Multatuli, Couperus, Haasse,... herlezen vanuit postkoloniaal perspectief.
Het Nederlandse koloniale verleden in Indonesië heeft grote invloed gehad op de literatuur. In De postkoloniale spiegel. De Nederlands-Indische letteren herlezen wordt in 26 hoofdstukken de ‘canon’ van de Nederlands-Indische literatuur voor het eerst systematisch vanuit een postkoloniaal perspectief gelezen, van Multatuli’s Max Havelaar (1860) – de eerste Indische roman – tot en met Lichter dan ik (2019) van Dido Michielsen.

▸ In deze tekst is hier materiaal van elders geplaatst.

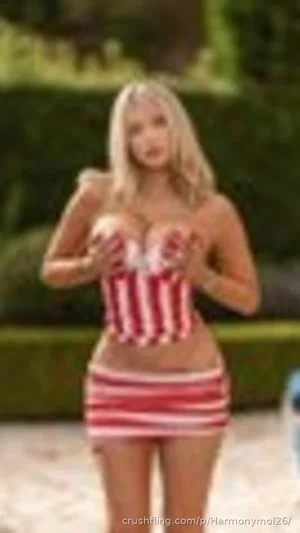 Blonde woman in red and white striped outfit standing outdoors.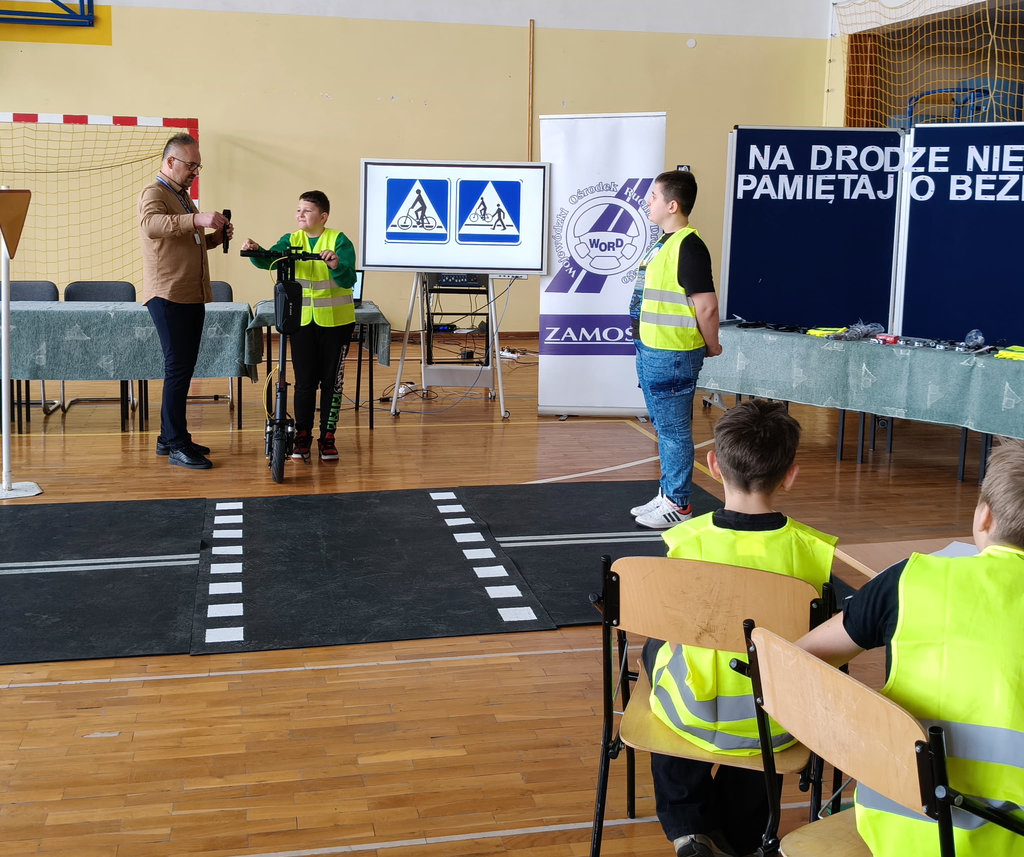 pracownik Wojewódzkiego Ośrodka Ruchu Drogowego obok dwóch chłopców na makiecie miasteczka ruchu drogowego, jeden z chłopców trzyma hulajnogę  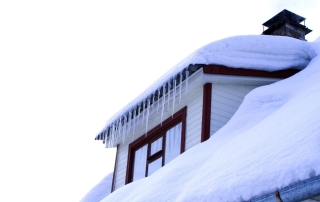 Rooftop and Gutters Covered in Snow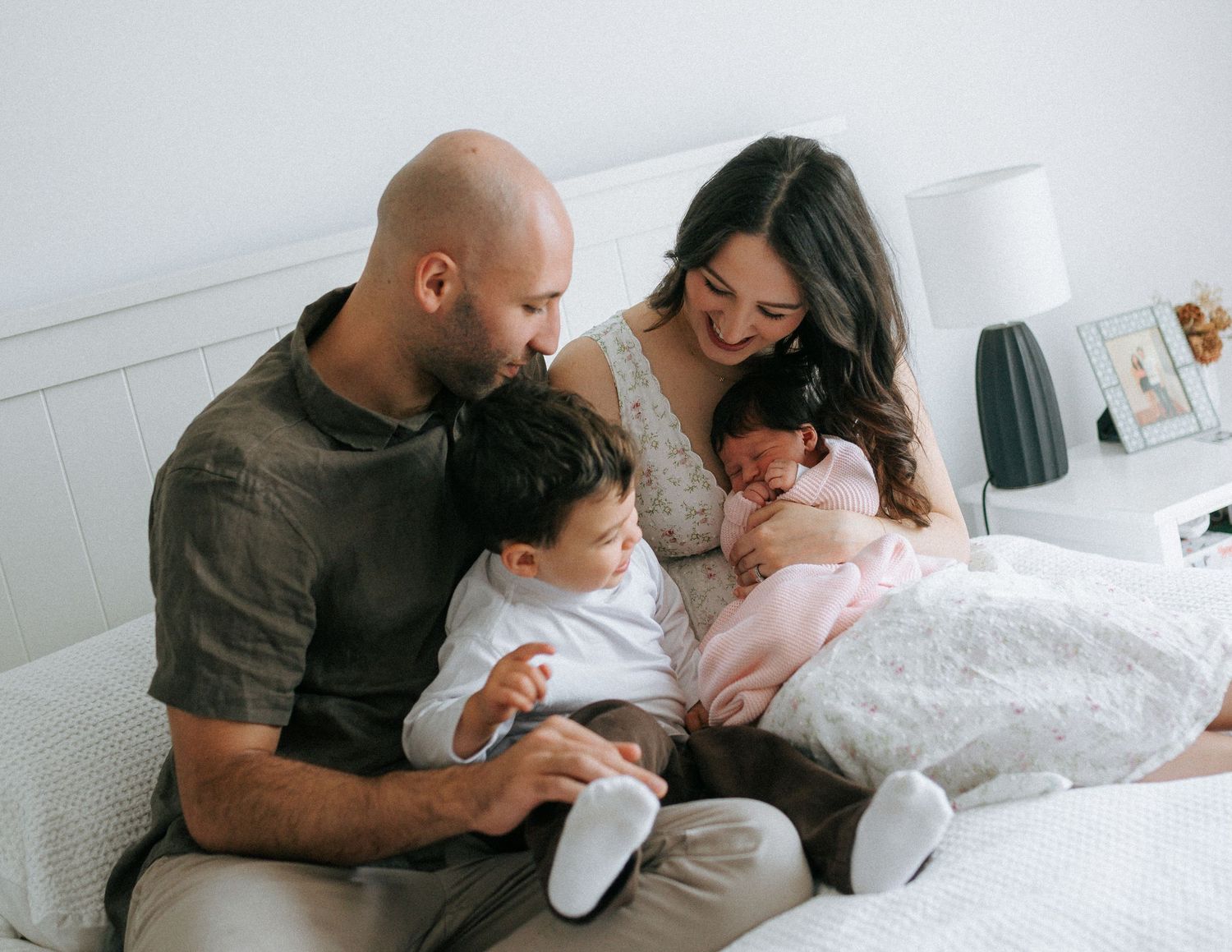 Family of four on bed, parents gazing lovingly at toddler and newborn baby girl in pink.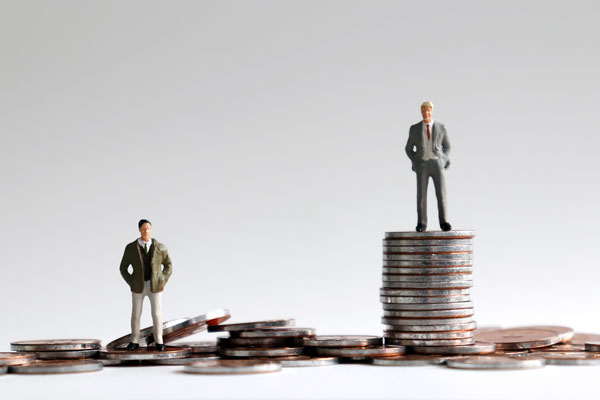 2 plastic toy men, one on pile of a few coins and the other wearing a suit and standing on a tower of coins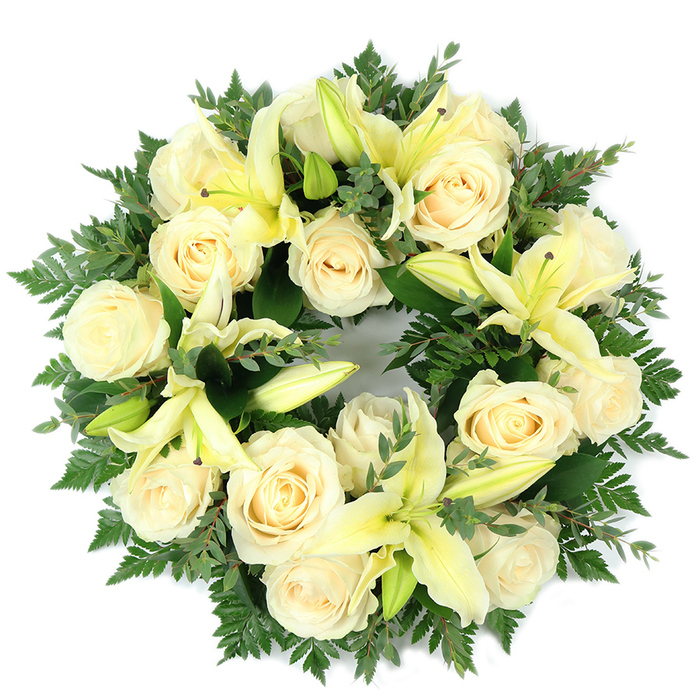 A large, circular funeral wreath shown flat on a white background, designed to embody calm and respectful elegance through its restrained palette of cream, pale yellow and deep green. The composition is densely layered: clusters of creamy roses-fifteen to twenty in number-sit prominently, each bloom revealing the classic, concentric coils of rose petals that catch the light and read as soft ivory. Scattered between these are substantial lemon-tinged lilies, their trumpet forms providing vertical emphasis and sculptural grace; some lilies are fully open, exposing slender stamens and the gentle sweep of each petal, while others remain in bud, suggesting quiet promise and variety of texture. Underpinning the flowers is a generous base of foliage-feathery fern fronds that lend a gentle, whispering silhouette and darker, broader-leaf sprigs reminiscent of eucalyptus that introduce deeper green tones and a matte finish. The photographed perspective and soft natural illumination highlight the tactile differences between glossy blooms and the more fibrous greenery, and one can almost sense the subtle fragrance: the roses' delicate powder and the lilies' green-sweet lift. Crafted for memorial use, this wreath's perfect circular shape signifies continuity and remembrance and is appropriate for placement at funerals, chapel services or graveside moments across the Epping area-from the bustle of the High Street to quiet corners near Epping Forest. The arrangement is made with considered skill, offering solace and an understated expression of sympathy.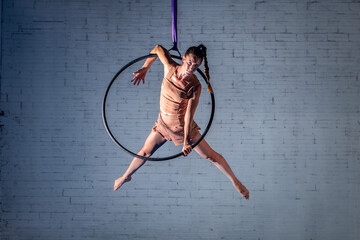 A Young Aerialist Acrobat Woman Working on a Hoop. Circus training.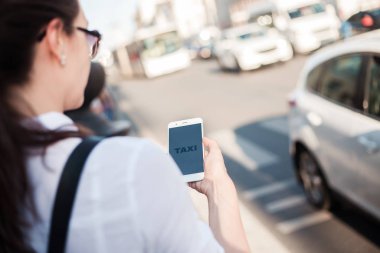 Mobil uygulamayı kullanarak taksi çağırın. Şehirde genç bir kadın elinde bir akıllı telefon ile yolun yanında duruyor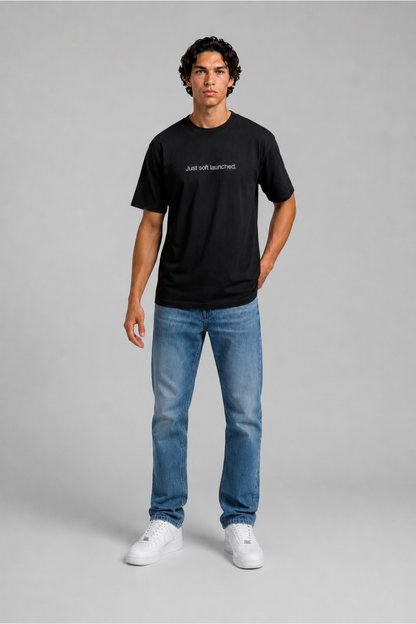 Person wearing a black t-shirt with text 'Just soft launched' with 240 GSM premium streetwear t-shirt for men and women and blue jeans on a gray background.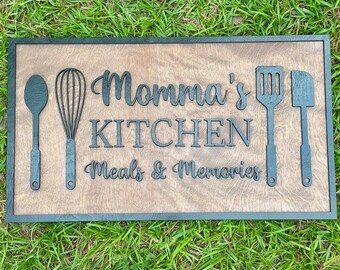 May include: Wooden kitchen sign with the words "Momma's Kitchen Meals & Memories" in a decorative font. The sign features embossed kitchen utensils: a spoon, whisk, spatula, and turner. The sign has a dark brown frame and a light brown interior.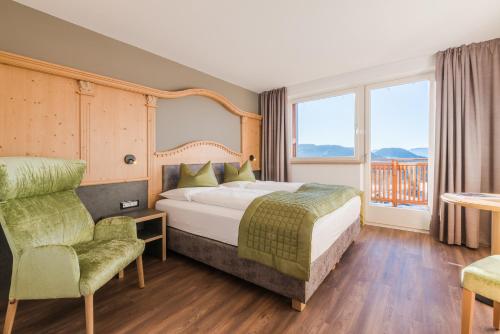 a hotel room with a bed and a balcony at Hotel Salten in Avelengo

Na een introductie waarin wordt ingegaan op het leven van de auteur en zijn of haar relatie met Nederlands-Indië of Indonesië, worden telkens een of meer romans kritisch geanalyseerd. Naast beroemde auteurs als Louis Couperus, E. du Perron en Marion Bloem komen ook minder bekende schrijvers aan de orde. Terugkerende aandachtspunten zijn de representatie van de ongelijke koloniale machtsverhoudingen en de Europese strategieën waarmee de ‘ander’ werd gemarginaliseerd. De postkoloniale spiegel geeft niet alleen een vernieuwend overzicht van meer dan 160 jaar Indische literatuurgeschiedenis, maar is tegelijkertijd bedoeld als een zelfkritisch onderzoek naar hoe de Nederlandse letterkunde omgaat met het koloniale verleden.